Required work >> Your reply must contain the full listing below, reproduced exactly, but no pictures.
*** Opening of Information provided ***
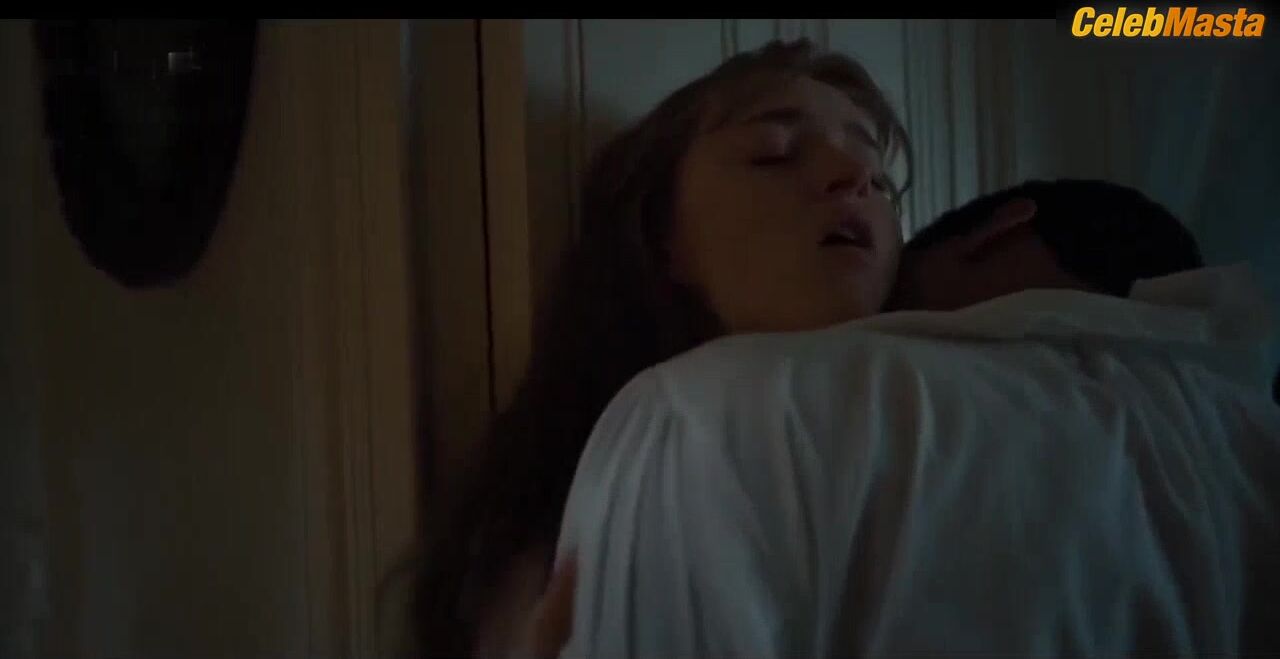 Phoebe Dynevor Underwear Scene In Bridgerton Show - Photo 3 of 5 photo 2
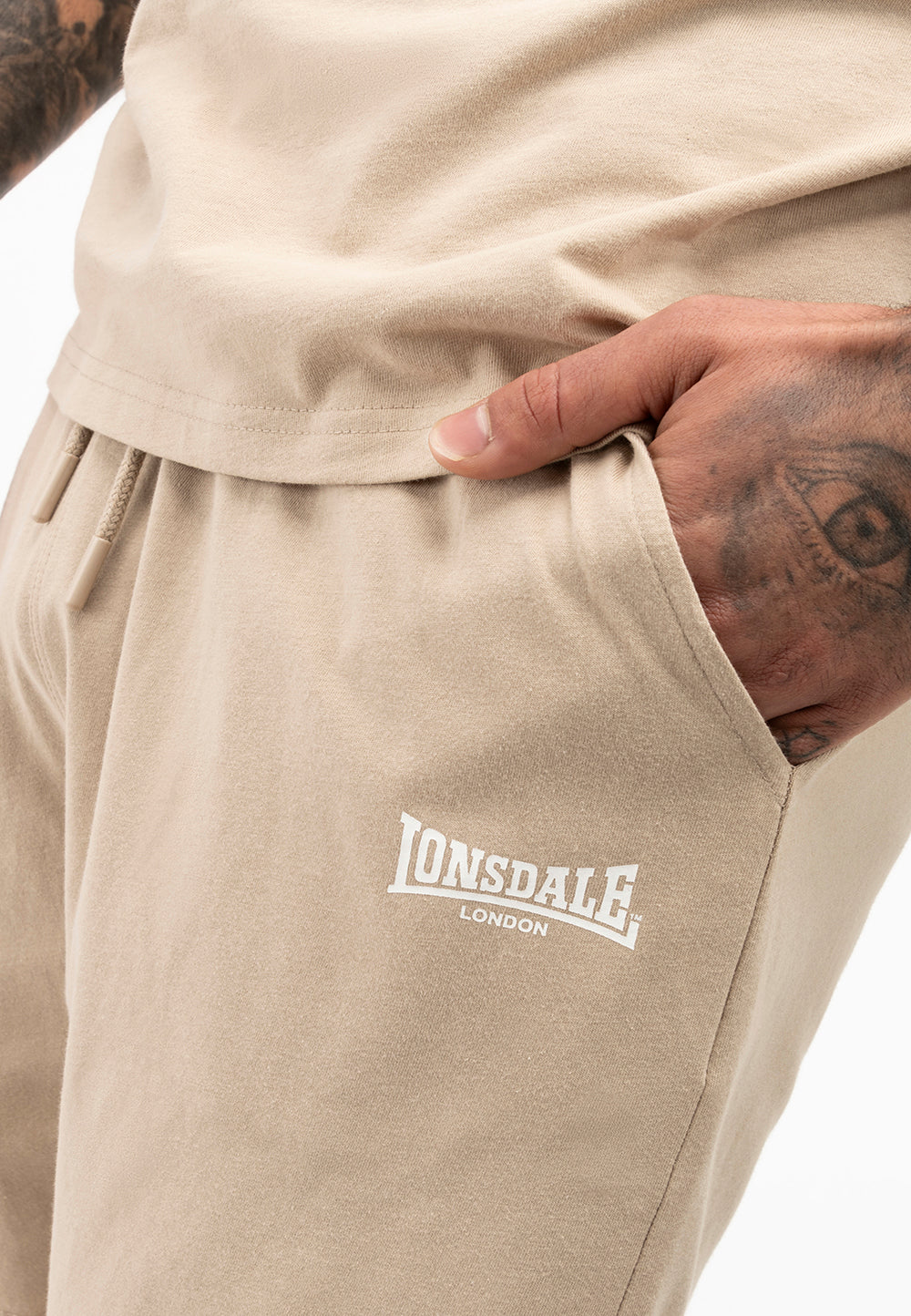 Lonsdale T-Shirt und Shorts Set in sportlichem Design, aus Baumwolle, mit Lonsdale-Logo auf Brust und Bein.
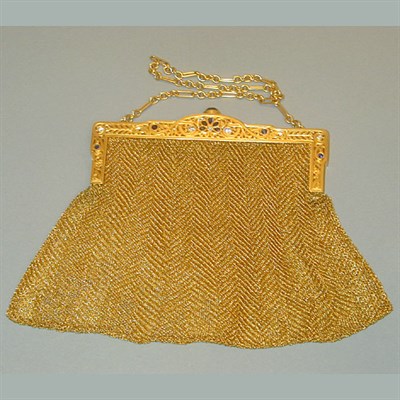 Lot 134 - Gold Mesh Purse 14 kt. yellow gold, the rigid...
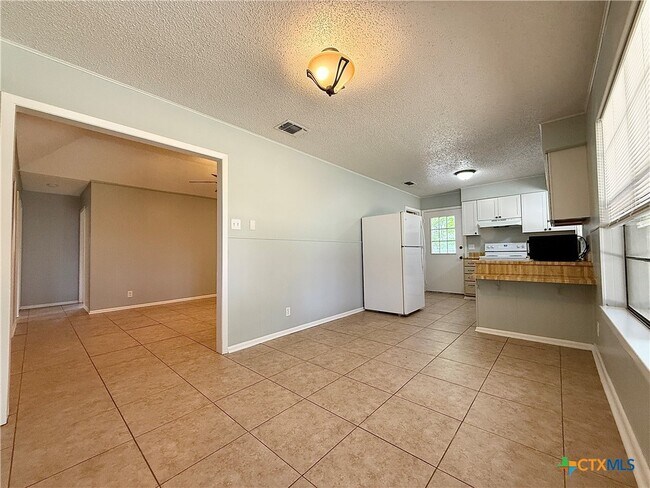 Building Photo - 705 Woodcrest Cir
*** Close of Information provided ***
Problem solution >>
 Phoebe Dynevor Underwear Scene In Bridgerton Show - Photo 3 of 5 photo 2
 Lonsdale T-Shirt und Shorts Set in sportlichem Design, aus Baumwolle, mit Lonsdale-Logo auf Brust und Bein.
 Lot 134 - Gold Mesh Purse 14 kt. yellow gold, the rigid...
 Building Photo - 705 Woodcrest Cir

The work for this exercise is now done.